L'Inganno, dialogo di M. Gioseppe Horologgi.
On Deception and Seduction in Art & Collecting ca. 1562

L'Inganno, dialogo di M. Gioseppe Horologgi.

Venice: Gabriele Giolito de'Ferrari, 1562. Item #417

8vo. 156 x 98 mm., (6 ¼ x 4 inches). [16], 207, [3] pp., including final blank. Illustrated with a woodcut printer’s device to the title-page and a full-page device to the final leaf. Bound in contemporary paste-paper boards; some soiling to the covers and slight wear to the spine; paper shelf label at head of spine covering a manuscript number and a couple of dates on front endpapers.

First edition and only edition, scarce in the trade. Important book criticizing the art world in mid-16th century Italy, where personal collections of paintings, drawings, sculpture and jewelry were being formed by a growing number of wealthy patrons. Orologi, a relatively unknown critic satirizes both collectors and artists who were participating in “deceitful” (inganno) practices to bolster their ownership of pieces of art.

In an essay by Sally Hickson, which appears in "I castelli di yale", she writes, “This essay deals with only one aspect of Orologi’s interest in art deception, and that is with the deception of art itself. In its very nature as a practice of imitation, art was long perceived to be an exercise in deceiving the senses. However, the growing status of art objects as both intellectual and economic commodities in Orologi’s time created a mania for conspicuous consumption that led to collectors to deceive each other in their frenzy to acquire objects, to falsely assume an expertise in evaluating the worth of such objects, and to confuse ownership and acquisition with self-worth, self-image and self-knowledge. The result was a continuous chain of deception and self-deception, which Orologi examines in his treatment of deception in Art.”

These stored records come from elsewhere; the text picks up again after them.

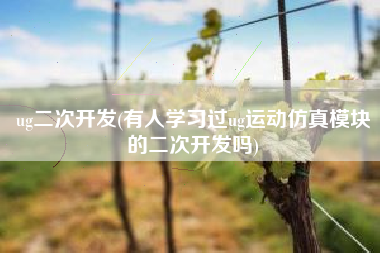 ug二次开发(有人学习过ug运动仿真模块的二次开发吗)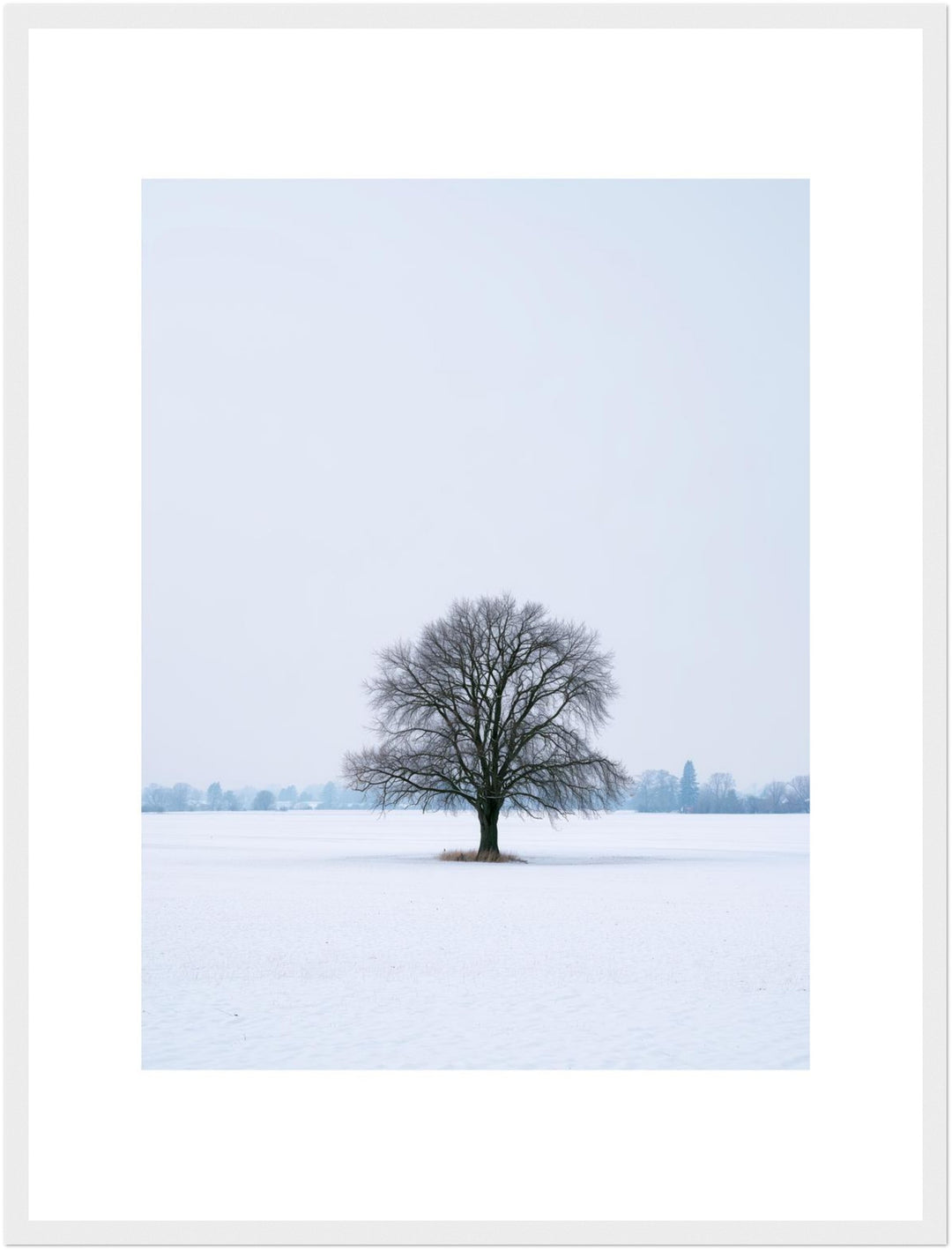 Einsame Linde im Schnee Poster – Weißer Rahmen – Produktfoto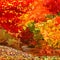 Background abstraction bright colorful deciduous autumn forest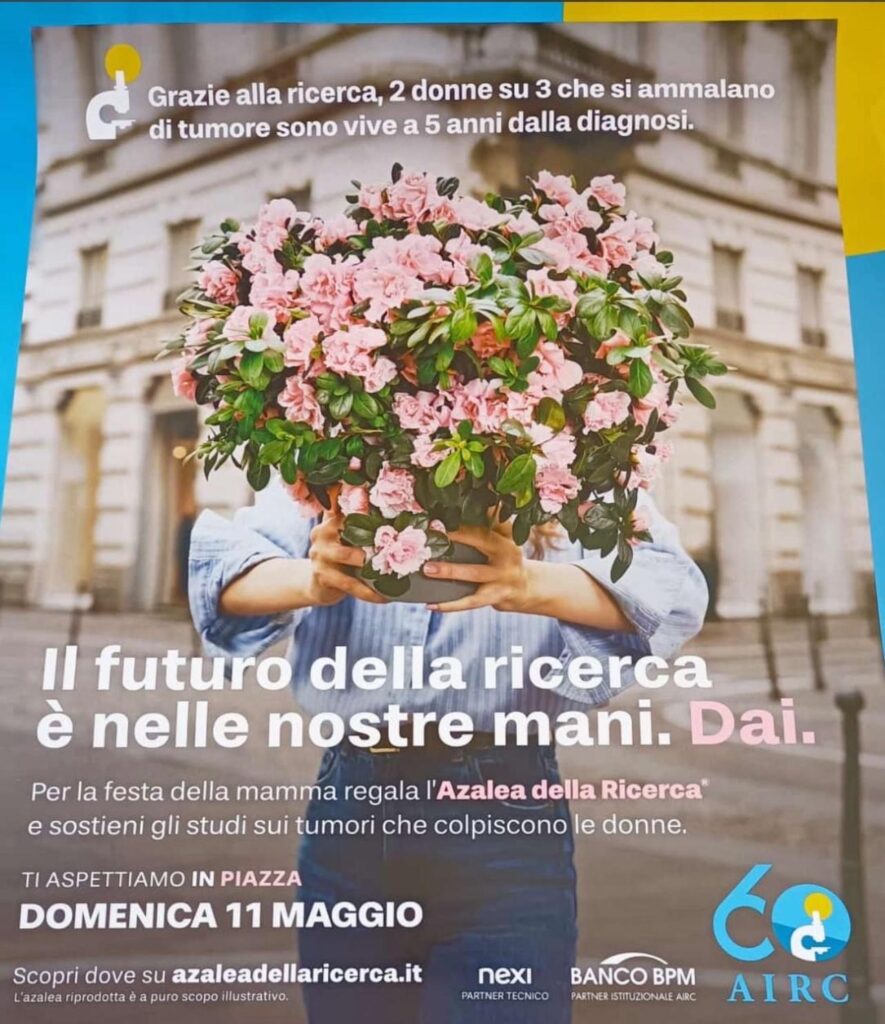 L’Azalea della Ricerca sboccia anche a Serra San Bruno: questa mattina appuntamento con la solidarietà 3 f5ecfae5 cb04 46e8 ad04 f6577b5088eb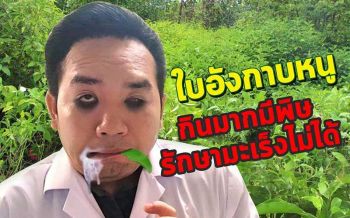 \'หมอแล็บแพนด้า\'เตือน!! \'ใบอังกาบหนู\' โทษเพียบ-รักษามะเร็งไม่ได้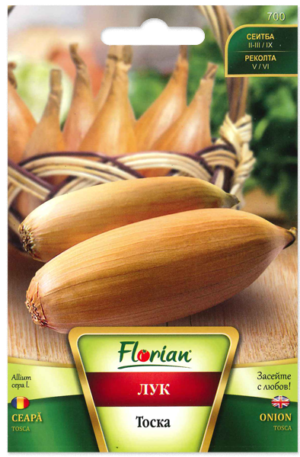 Hagyma Tosca Florian Bg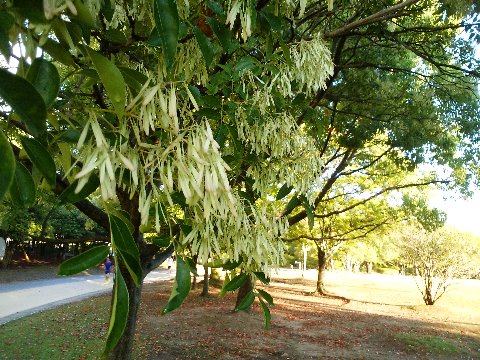 これは何かわかりますか? 過去にもご紹介したことがありますが、シマトネリコの実です。その時にも書きましたが、いつも花を見逃してしまいます。来年こそ確認したいな。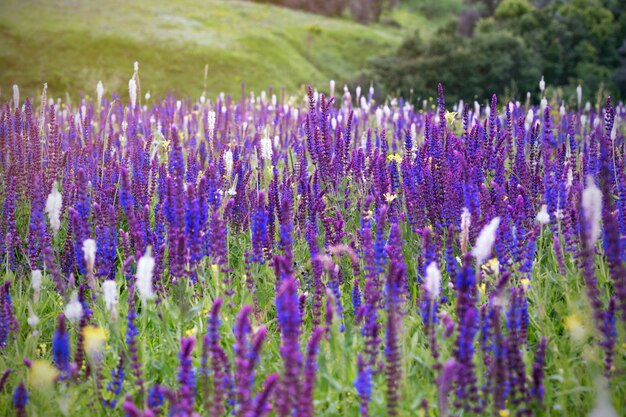 サルビア。夏の牧草地のセージの背景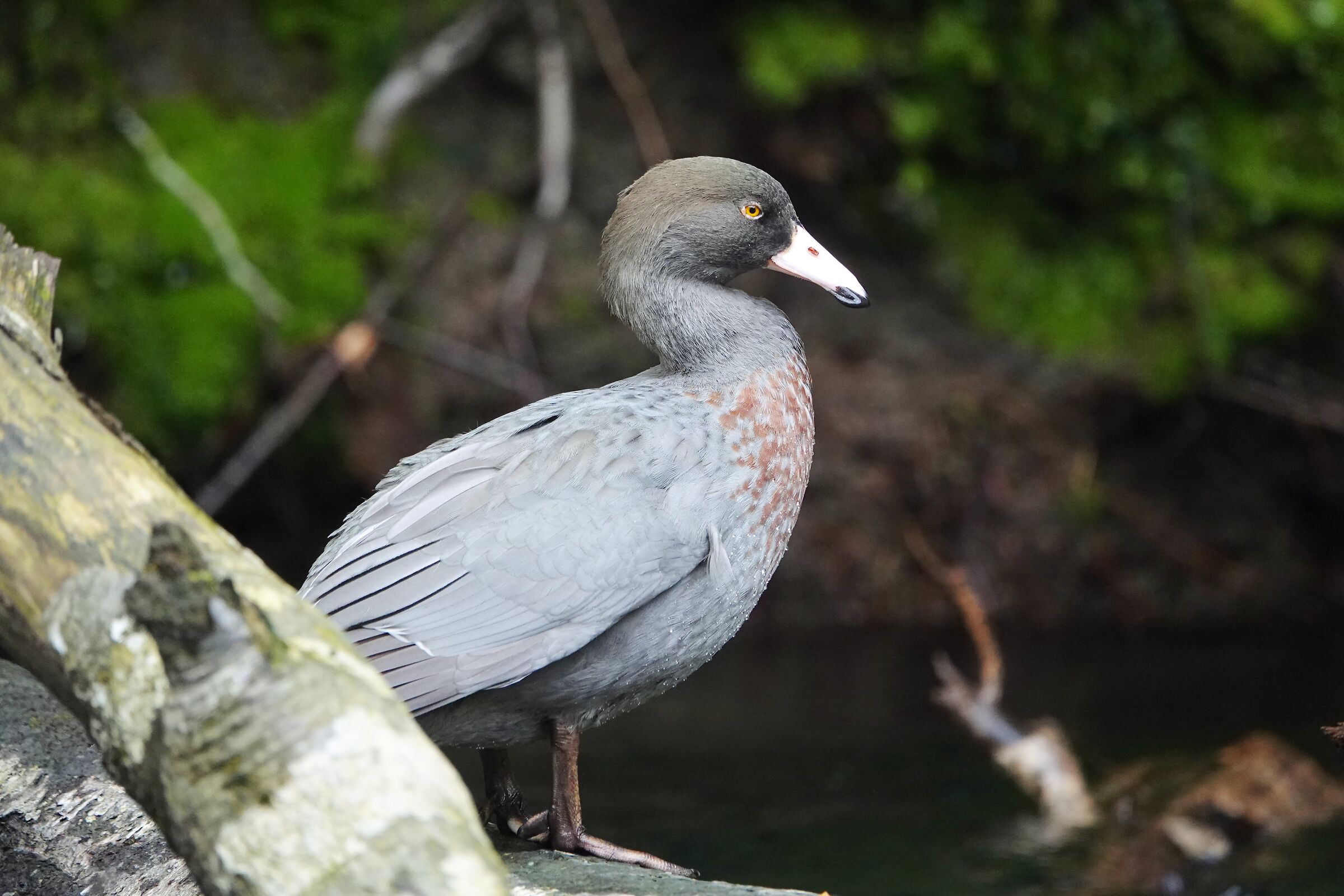 Blue Duck - Anatra Blu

Hickson also quotes Orologi on this subject at length. Here is one example; "There are some in Rome called antiquarians by everyone, who assume the task of recognizing everything and they say the most lying and scurrilous things in the world . . . This type of man is accustomed to playing strange jokes on the moderns using the appearance of ancient figures, and they say things and then they go back and say them again in a manner better to their purpose, finding others’ ears well-disposed to believe everything they fell like saying. And I lien them to dreams that feature things both present and past, but never wholly as they are, or as they were.”

With faults a very good copy of a difficult book to find in the market. Orologi also published a book entitled L’Ingratitudine, also published by Giolito in 1561 which was reprinted in 1562.

Italian STC under Dondi dall’Orologi, p. 225. Sally Hickson, “The inganno of Giuseppe Orologi. On deception and seduction in art and collecting.” I castelli di yale – online, 2013. Year 1, no. 1, pp. 107-119. OCLC cites 12 copies and the ICCU cites numerous copies.